On top of any higher energy costs that might be instituted, the Clinton administration will likely to make matters worse by recommeding much tougher Corporate Average Fuel Economy (CAFE) standards. Those rules mandate the average miles per gallon that the average vehicle sold by auto companies must achieve. The only way that car manufacturers could meet much tighter standards would be to shrink the sizes of their new vehicles. Car buyers, who have shown that they prefer big heavy sports vehicles, which are more fun and more comfortable, would find their choice restricted. Moreover, light small cars are inherently more dangerous for occupants than heavy vehicles. Looking only at the law in 1989, two economists concluded that "CAFE will be responsible for several thousand additional fatalities over the life of each model-year's cars." According to the Insurance Institute for Highway Safety, the occupant death rate in the smallest cars (such as the Ford Escort, at 2,313 pounds) is double the rate for the largest cars (such as the Buick LeSabre, at 3,267 pounds). Raising CAFE sharply, depending on its new level, will result in thousands of extra highway fatalities each year.

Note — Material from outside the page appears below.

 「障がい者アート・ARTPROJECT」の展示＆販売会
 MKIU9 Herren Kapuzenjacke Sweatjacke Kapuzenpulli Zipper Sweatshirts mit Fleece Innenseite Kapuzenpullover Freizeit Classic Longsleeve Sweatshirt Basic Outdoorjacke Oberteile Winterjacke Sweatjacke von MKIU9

Higher heating costs would also increase the use of insulation and more airtight buildings, reducing ventilation and trapping more air pollution indoors. Such hazardous chemicals as formaldehyde, carbon monoxide, nitrogen oxides, volatile organic compounds, and particulates would build up inside the structures. Since people spend most of their time indoors, the quality of the air in houses and offices is important to maintaining health. Without doubt the more energy efficient structures would cause some increase in sickness and perhaps an unknown number of early deaths.

Government regulations often, if not always, have unfortunate, unintended consequences. The effort to protect the ozone layer provides a recent example. Under the Montreal Protocol, chlorofluorocarbons (CFCs) have been banned in the industrial nations and will be phased out in the rest of the world over the next decade. CFCs are relatively inert, benign, non-poisonous substances that provide excellent cooling. Not only do the substitutes fail to work as well, they turn out to be dangerous to people's health. Scientists have confirmed that workers accidentally exposed to substitute chemicals, such as HCFC-123 and HCFC-124, have developed acute hepatitis. The banned CFCs have produced no known cases of harm to any men or women.

In other words, policy makers must weigh the costs of acting to slow greenhouse gas emissions against the costs of maintaining current policy. Neither is without risk but claiming that the precautionary principle requires action to curb CO2 is nonsense. Under the most efficient possible policy for curbing CO2, one under which all countries cooperate to reduce their emissions, people will die, growth will be slowed (leading to more damage and fatalities from naturally occurring disasters), and the poor will suffer the most. Yet the politicians are aiming for a treaty that would be even worse. It would impose these heavy burdens yet produce little in the way of curbed emissions. This is folly.

References:

Yohe, Gary W. "Climate Change Policies, the Distribution of Income, and U.S. Living Standards," Special Report, American Council for Capital Formation, Center for Policy Research, November 1996.

Chapman, Kenneth S. And Govind Hariharan. "Controlling for Causality in the Link from Income to Mortality," Journal of Risk Uncertainty 85 (1994).

Duleep, Harriet O. "Measuring the Effect of Income on Adult Mortality Using Longitudinal Administrative Record Data," Journal of Human Resources 238 (1986).

Cross, Frank B. "When Environmental Regulations Kill," Ecology L. Q. 1995.

The Washington Post, August 22, 1997, p. 14A.